In the second case, a mom came across a young man in her home who was there at the invitation of her daughter. (And no, Maurice, they weren’t playing checkers in her bedroom.) Momma held the young man in question (allegedly eight years older than the teen) at bay with a gun until the cops arrived.
Beyond this feel-good story, the comment threads on the news blog were in support of the single mom (the court of popular opinion?), even suggesting they would have done even more to the young man–something about “rewarding” him where sun didn’t shine.
Parents have both the right and the responsibility to raise their children teaching them morals and ethics. Kids reared in these sorts of homes have a better chance of becoming moral and ethical citizens in any given society. We need more of this, not less. We must encourage this vision of parenthood.
Tragically, your average sit-com, classroom, magazine, and Internet tends to undermine this view.
I am not sure when the shift came into the Americas, whereby the home was supplanted as the bedrock of the culture—maybe 30 to 40 years ago. Working with a house metaphor, you might say that the home was once the foundation of the society; now it is a mere lawn ornament.
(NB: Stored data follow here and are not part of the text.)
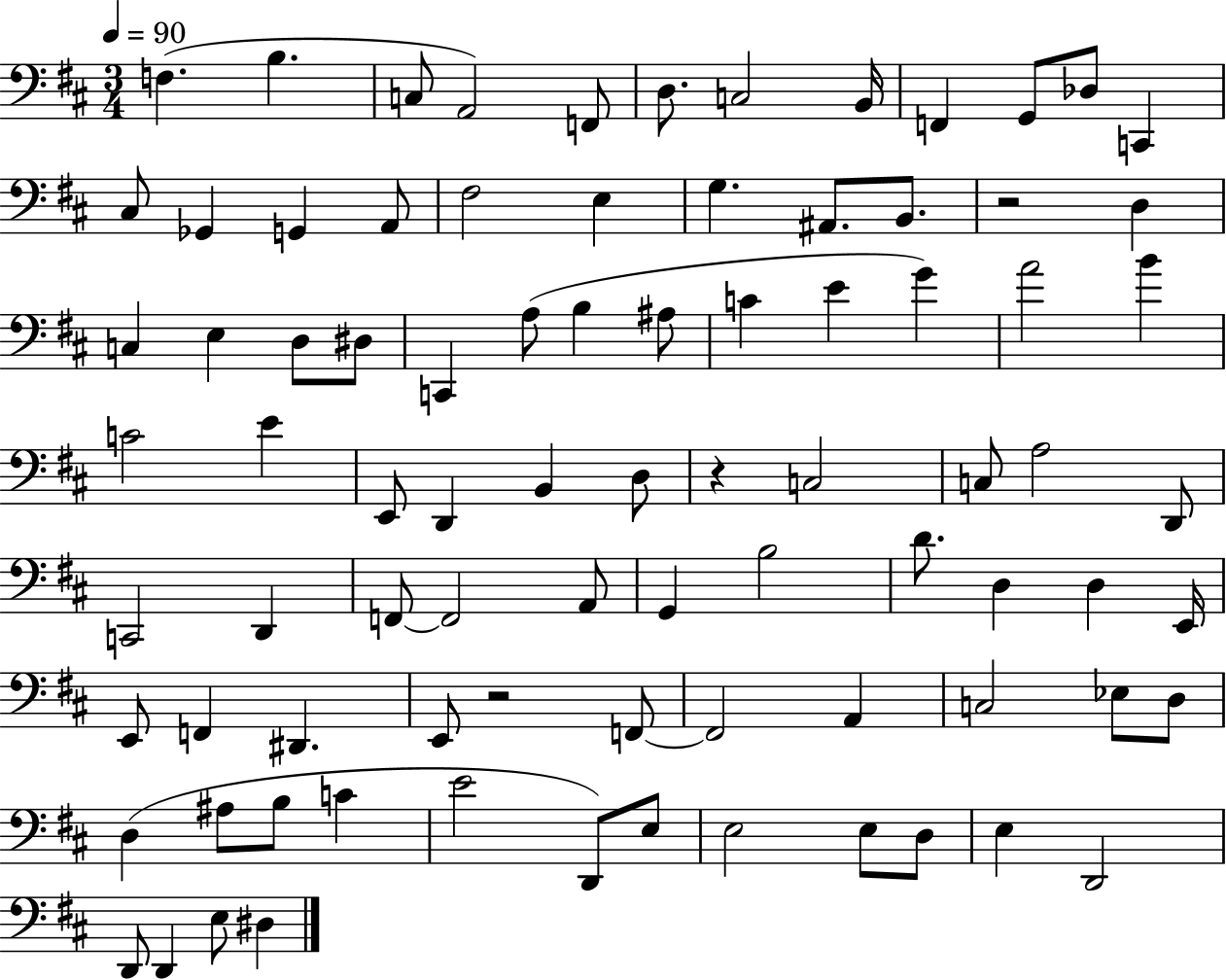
{
  \clef bass
  \numericTimeSignature
  \time 3/4
  \key d \major
  \tempo 4 = 90
  f4.( b4. | c8 a,2) f,8 | d8. c2 b,16 | f,4 g,8 des8 c,4 | \break cis8 ges,4 g,4 a,8 | fis2 e4 | g4. ais,8. b,8. | r2 d4 | \break c4 e4 d8 dis8 | c,4 a8( b4 ais8 | c'4 e'4 g'4) | a'2 b'4 | \break c'2 e'4 | e,8 d,4 b,4 d8 | r4 c2 | c8 a2 d,8 | \break c,2 d,4 | f,8~~ f,2 a,8 | g,4 b2 | d'8. d4 d4 e,16 | \break e,8 f,4 dis,4. | e,8 r2 f,8~~ | f,2 a,4 | c2 ees8 d8 | \break d4( ais8 b8 c'4 | e'2 d,8) e8 | e2 e8 d8 | e4 d,2 | \break d,8 d,4 e8 dis4 | \bar "|."
}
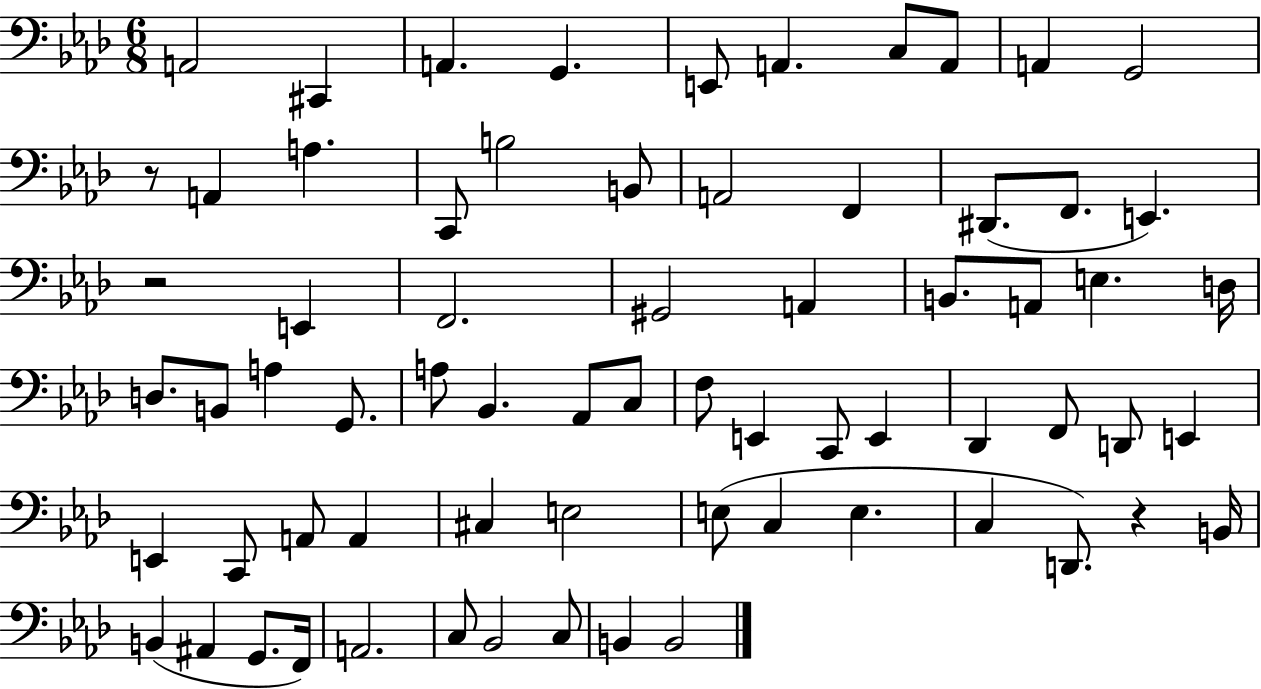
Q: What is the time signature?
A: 6/8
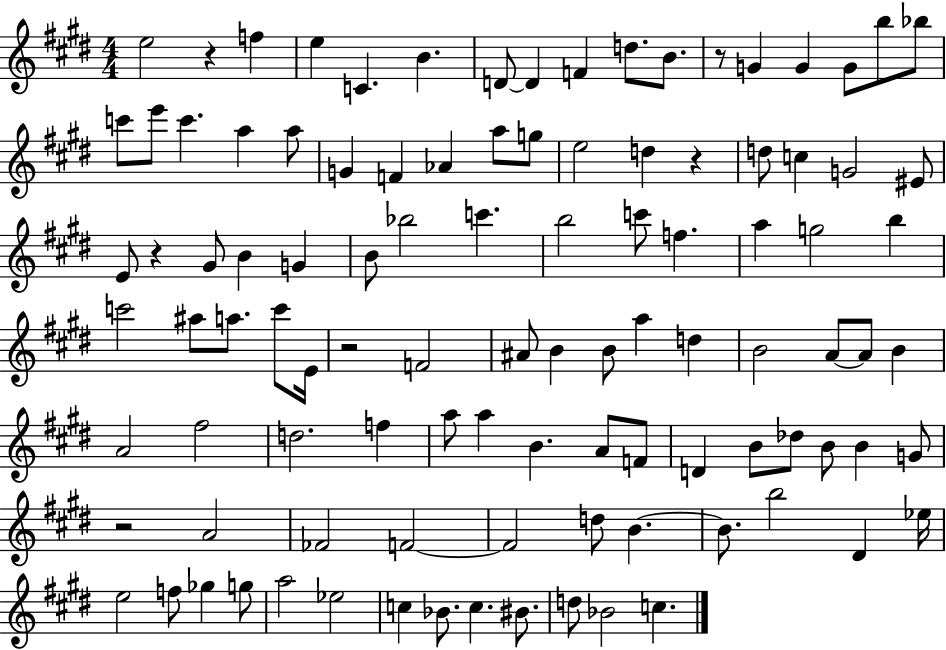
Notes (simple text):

E5/h R/q F5/q E5/q C4/q. B4/q. D4/e D4/q F4/q D5/e. B4/e. R/e G4/q G4/q G4/e B5/e Bb5/e C6/e E6/e C6/q. A5/q A5/e G4/q F4/q Ab4/q A5/e G5/e E5/h D5/q R/q D5/e C5/q G4/h EIS4/e E4/e R/q G#4/e B4/q G4/q B4/e Bb5/h C6/q. B5/h C6/e F5/q. A5/q G5/h B5/q C6/h A#5/e A5/e. C6/e E4/s R/h F4/h A#4/e B4/q B4/e A5/q D5/q B4/h A4/e A4/e B4/q A4/h F#5/h D5/h. F5/q A5/e A5/q B4/q. A4/e F4/e D4/q B4/e Db5/e B4/e B4/q G4/e R/h A4/h FES4/h F4/h F4/h D5/e B4/q. B4/e. B5/h D#4/q Eb5/s E5/h F5/e Gb5/q G5/e A5/h Eb5/h C5/q Bb4/e. C5/q. BIS4/e. D5/e Bb4/h C5/q.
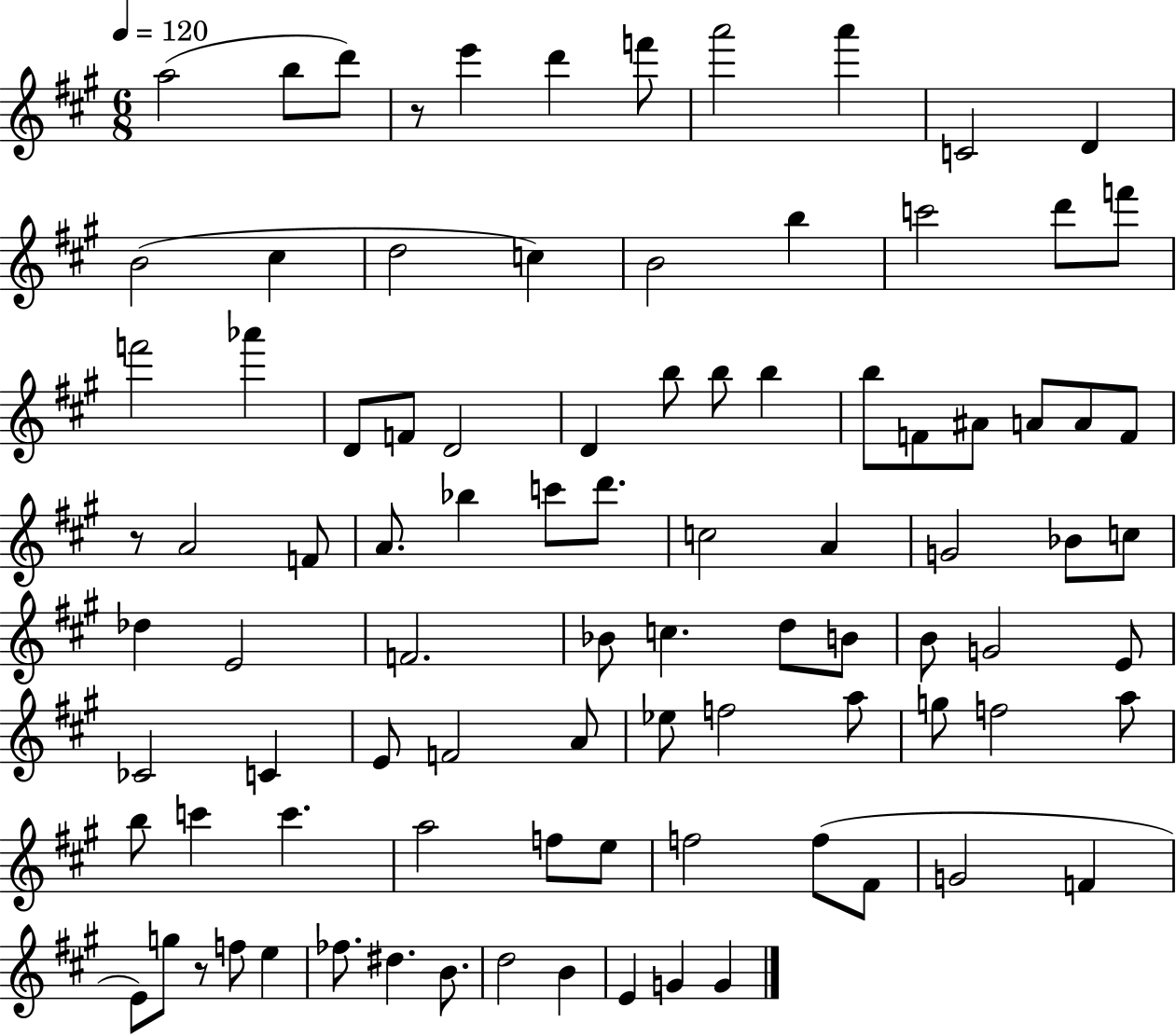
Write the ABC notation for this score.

X:1
T:Untitled
M:6/8
L:1/4
K:A
a2 b/2 d'/2 z/2 e' d' f'/2 a'2 a' C2 D B2 ^c d2 c B2 b c'2 d'/2 f'/2 f'2 _a' D/2 F/2 D2 D b/2 b/2 b b/2 F/2 ^A/2 A/2 A/2 F/2 z/2 A2 F/2 A/2 _b c'/2 d'/2 c2 A G2 _B/2 c/2 _d E2 F2 _B/2 c d/2 B/2 B/2 G2 E/2 _C2 C E/2 F2 A/2 _e/2 f2 a/2 g/2 f2 a/2 b/2 c' c' a2 f/2 e/2 f2 f/2 ^F/2 G2 F E/2 g/2 z/2 f/2 e _f/2 ^d B/2 d2 B E G G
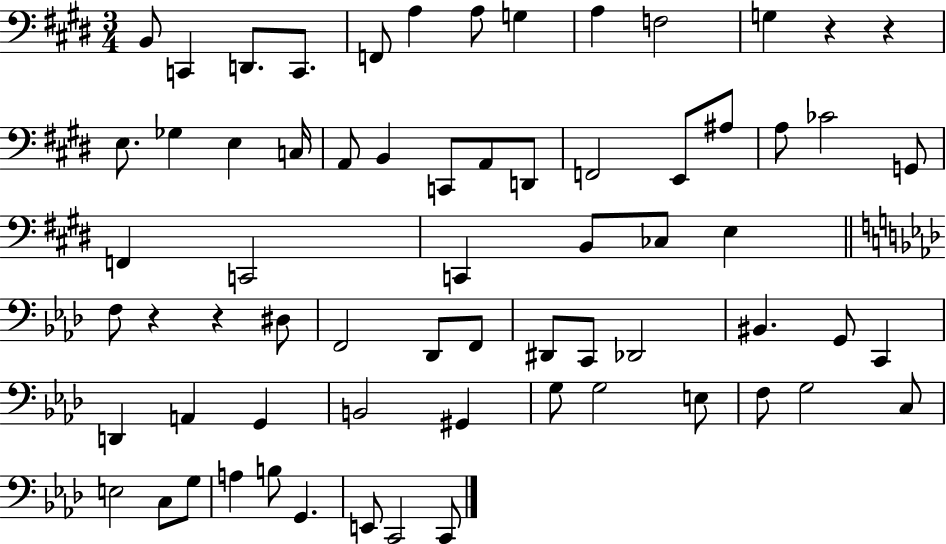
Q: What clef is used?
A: bass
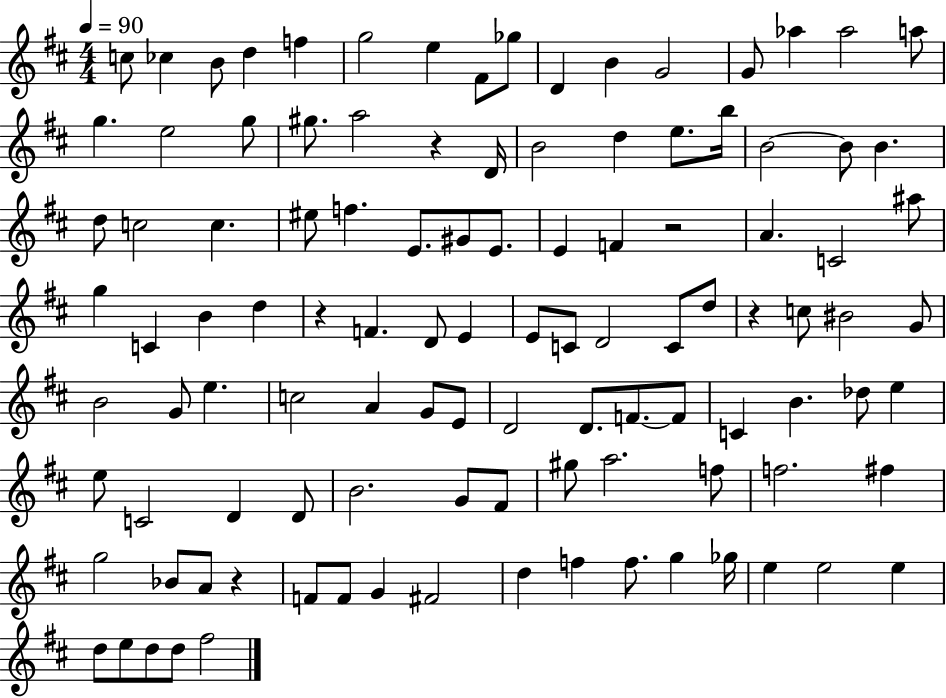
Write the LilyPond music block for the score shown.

{
  \clef treble
  \numericTimeSignature
  \time 4/4
  \key d \major
  \tempo 4 = 90
  \repeat volta 2 { c''8 ces''4 b'8 d''4 f''4 | g''2 e''4 fis'8 ges''8 | d'4 b'4 g'2 | g'8 aes''4 aes''2 a''8 | \break g''4. e''2 g''8 | gis''8. a''2 r4 d'16 | b'2 d''4 e''8. b''16 | b'2~~ b'8 b'4. | \break d''8 c''2 c''4. | eis''8 f''4. e'8. gis'8 e'8. | e'4 f'4 r2 | a'4. c'2 ais''8 | \break g''4 c'4 b'4 d''4 | r4 f'4. d'8 e'4 | e'8 c'8 d'2 c'8 d''8 | r4 c''8 bis'2 g'8 | \break b'2 g'8 e''4. | c''2 a'4 g'8 e'8 | d'2 d'8. f'8.~~ f'8 | c'4 b'4. des''8 e''4 | \break e''8 c'2 d'4 d'8 | b'2. g'8 fis'8 | gis''8 a''2. f''8 | f''2. fis''4 | \break g''2 bes'8 a'8 r4 | f'8 f'8 g'4 fis'2 | d''4 f''4 f''8. g''4 ges''16 | e''4 e''2 e''4 | \break d''8 e''8 d''8 d''8 fis''2 | } \bar "|."
}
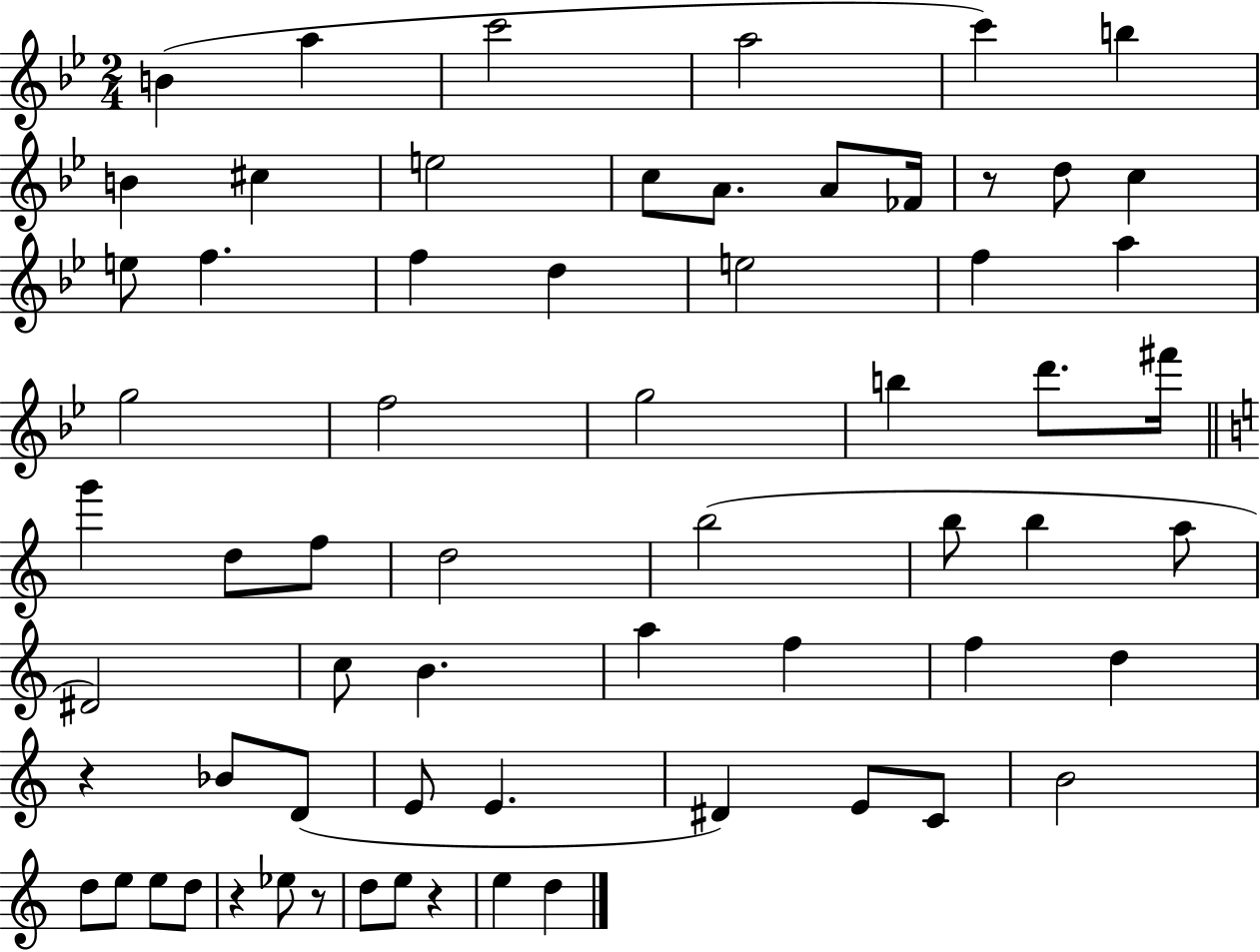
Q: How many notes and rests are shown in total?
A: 65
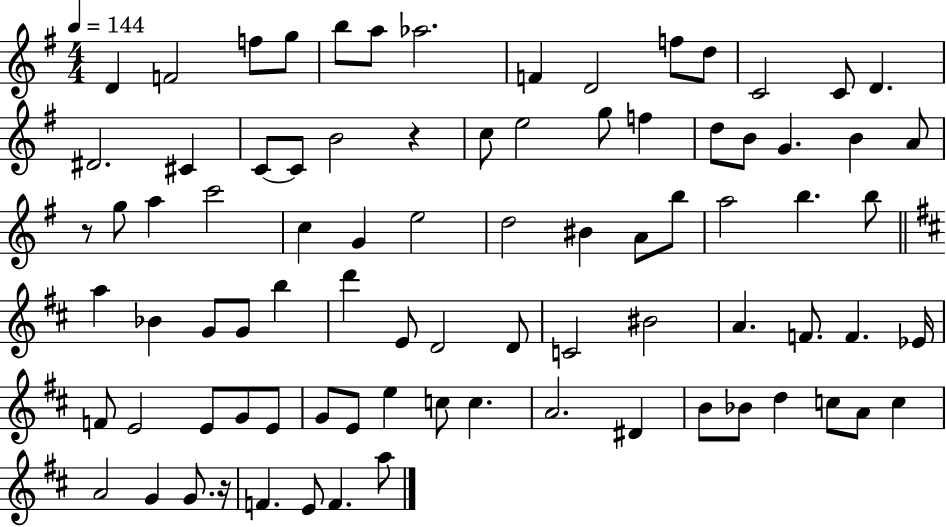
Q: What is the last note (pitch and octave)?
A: A5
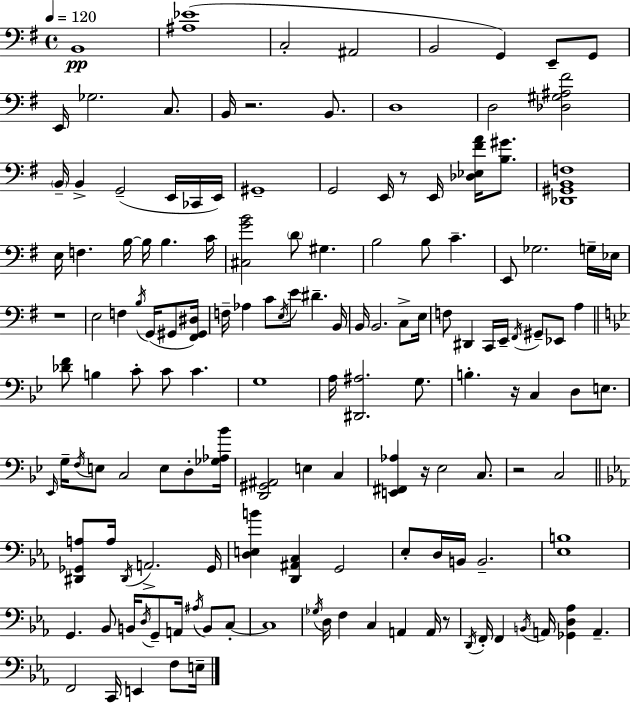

Because this column focuses more as a lighter commentary of life, I don’t feel I have the liberty to plummet the depths of cultural woes and trends. However, it doesn’t stop me; just slows me down.
Parents who have had their parental rights stripped from them—or worse, those who have willfully chosen to turn their kids over to an institution or two to raise them—are really victims in this lose-lose scenario. Kids need to be raised in loving, stable homes (two-parent or single-parent), where they learn to respect authority, serve others, and receive affirmation.
Without trying to over-simplify issues, kids raised by a good moral and ethical parent (or two) will have a positive impact on their culture. And we need to support every mother and/or father who are committed to doing this.
But if need be, cutting off someone’s allowance or pointing a rifle at someone’s belly could be a great back up plan.